» TASK TO CARRY OUT: With pictures left out, write out exactly every line from the start of the data through the one that contains "Hello and welcome.".

Stored data
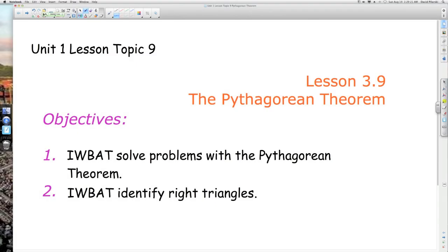Welcome to Unit 1 Lesson Topic 9. I'm Mr. Polarski. Our topic today is the Pythagorean Theorem. Our objectives today are: I will be able to solve problems with the Pythagorean Theorem, and I will be able to identify right triangles. Let's get this math party started.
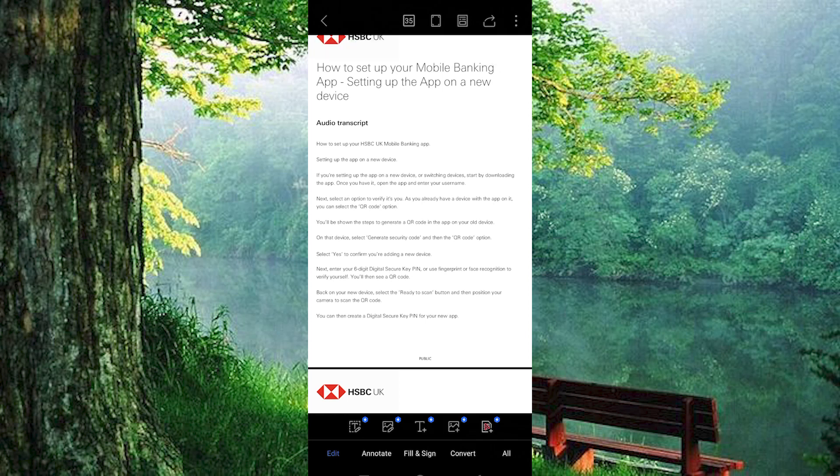Next, enter your six-digit digital secure key PIN, or use fingerprint or face recognition to verify yourself. You will then see a QR code.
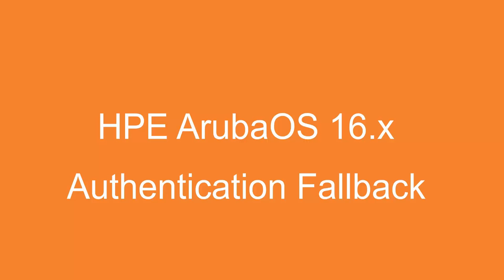So this concludes this demonstration on authentication fallback. Thanks for watching. I hope you liked it and hope to see you soon.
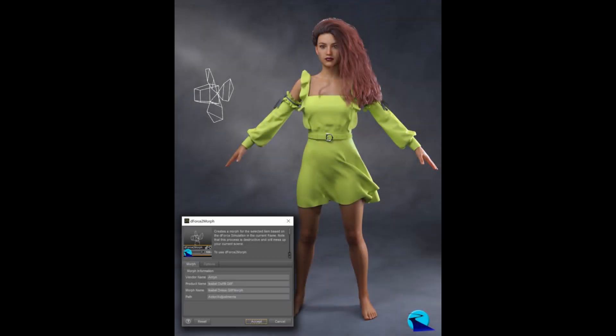Hello and welcome. I'm Riversoft Art, and I'm here today to talk to you about an upcoming product, DeForce to Morph.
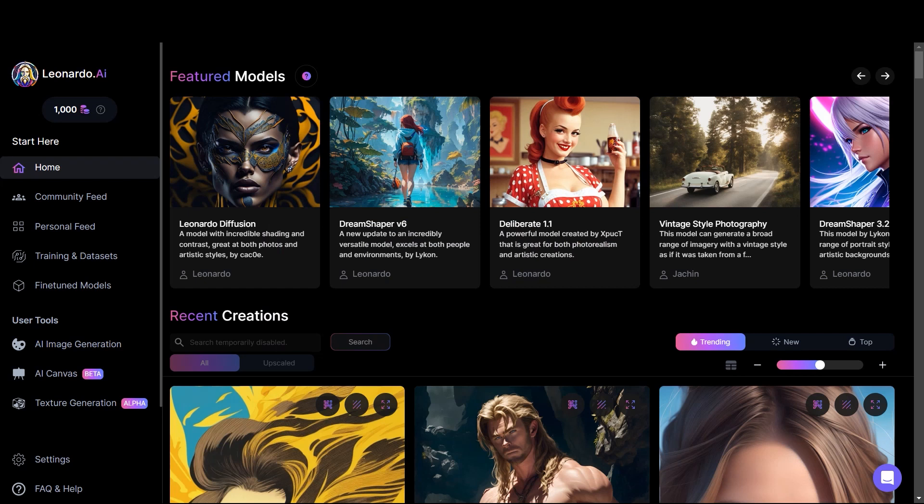Alright you guys, back with another Leonardo.ai video. I received an email from Leonardo.ai and they have given me early access to some of their latest features, one of them is called Alchemy. If you are familiar with Alchemy, you must have been waiting for a long time to use this feature. In this video I am going to cover all the latest features and tools and how they are different from the previous version of Leonardo.ai.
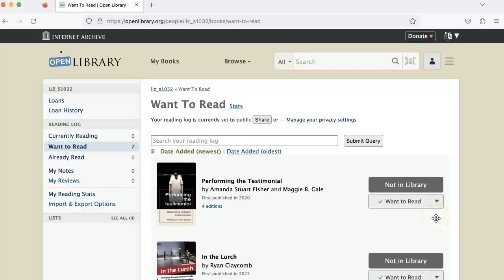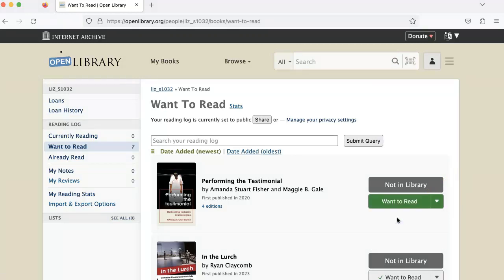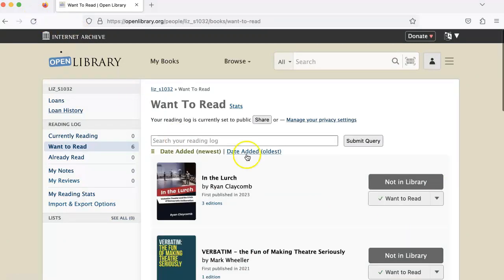Let's say you want to remove a book from your reading log completely. There are two ways to do this. The first is to click on the drop-down and then click Remove from Shelf. Then when you refresh, you'll see that the book is no longer in your list.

» WRITTEN RESPONSE:
Welcome to Unit 1 Lesson Topic 9. I'm Mr. Polarski. Our topic today is the Pythagorean Theorem. Our objectives today are: I will be able to solve problems with the Pythagorean Theorem, and I will be able to identify right triangles. Let's get this math party started.
Next, enter your six-digit digital secure key PIN, or use fingerprint or face recognition to verify yourself. You will then see a QR code.
So this concludes this demonstration on authentication fallback. Thanks for watching. I hope you liked it and hope to see you soon.
Hello and welcome. I'm Riversoft Art, and I'm here today to talk to you about an upcoming product, DeForce to Morph.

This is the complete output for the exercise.